Harris met her greatest love, Samuel Clemens Floyd III, when she was a young French professor in New York. He was 15 years her senior and a former staff writer at Newsweek who taught English at Queen’s College. Youthful insecurity made Harris, a well-educated and accomplished woman, question their relationship: “I’m still not sure just how or why Sam settled on me; perhaps my naïveté attracted him.” Dazzled by Floyd’s sophistication, “quicksilver personality,” and the down-home Southern simplicity that underlay both, Harris was soon drawn into her lover’s remarkable circle of black luminaries. She made lifelong connections with writers Baldwin, Rosa Guy, and Louise Meriwether and made acquaintance with other black artists, including Simone. She and Clemens enjoyed the burgeoning New York City culinary scene of the 1970s and traveled extensively to Haiti, Africa, and France, where they indulged in lively intellectual exchanges and delicious food as well as the friendship of notables like economist Mary Painter and her chef husband, Georges Garin. Along the way, Harris developed a passion for food, which she discovered Clemens’ great friend Maya Angelou also shared. She began writing columns for Essence magazine and, eventually, published two well-regarded cookbooks. As the years passed and she grew more secure in her own identity, she and Clemens drifted apart.
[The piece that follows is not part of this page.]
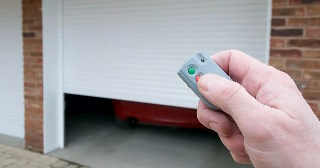 Купить автоматику для рулонных ворот Бирск, цена от 2750 руб.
Yet her respect and feelings for him never faded, even after she learned that he had contracted AIDS and had deliberately hidden his bisexuality from her throughout their relationship. Peppered throughout with favorite recipes, Harris’ book is a warm recollection of life-changing friendships and personal connections. At the same time, her story offers a unique perspective on some of the greatest African-American intellectuals and artists of the modern era.
A deeply felt and lovingly remembered memoir.